Capital Gain Property

This is property that would result in a capital gain if you were to sell it at its fair market value.  Capital gain property includes capital assets held more than one year, such as stocks, bonds, jewelry, coin or stamp collections, cars, and furniture.  It also includes real property and depreciable property used in your trade or business.

The general rule is that your charitable deduction for a gift of capital gain property is the fair market value.  If the following exceptions apply, you would have to reduce the fair market value by any capital gain you would realize on a sale:

  1. You contribute the property to private non-operating foundations, that do not qualify for the 50% limit (the limit on your contributions as a percentage of adjusted gross income, that applies to most charitable organizations).
  2. You contribute tangible personal property that is put to a different use by the charity.
  3. You choose the 50% limit instead of the 30% limit.  (These limits are described below.)

Donation of a Vehicle

If you donate a vehicle, the amount of your deduction depends on what the charitable organization does with the vehicle.

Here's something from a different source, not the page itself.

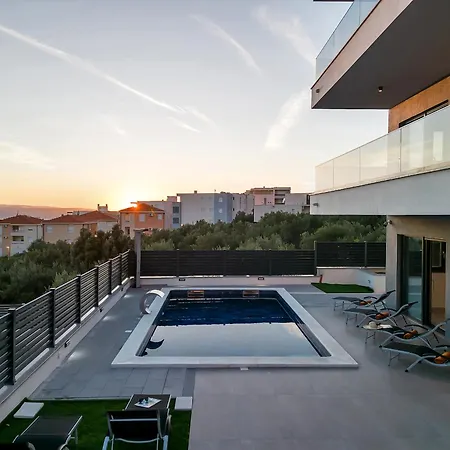 Adria Апартаменти Макарська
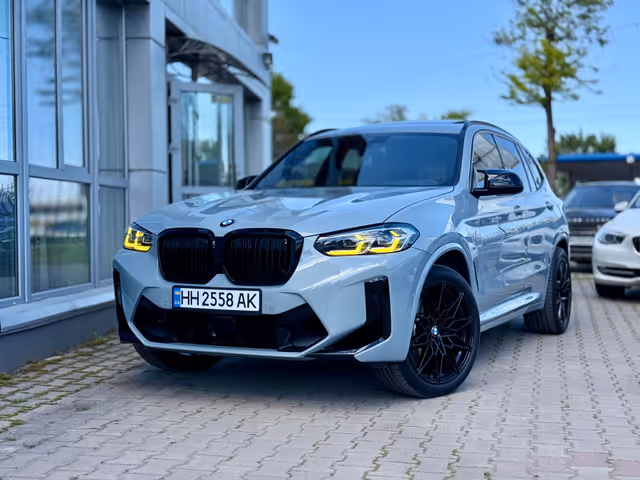 BMW X3 - фото 1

  • If the charity turns it over to a dealer who auctions off the vehicle, you can only deduct the amount of the proceeds from the auction.  By law, the charity has to send you an acknowledgment of this transaction within 30 days.
  • If the charity makes a "significant intervening use" of the vehicle in its charitable work, or gives it to a beneficiary, or sells it to a needy individual at a price that is significantly below the market price, you can deduct the fair market value.

You should receive a certification from the charitable organization within 30 days.  You should keep a record of the car — make, model, year, mileage, and a photo showing its condition, if possible, as support for the amount you are deducting.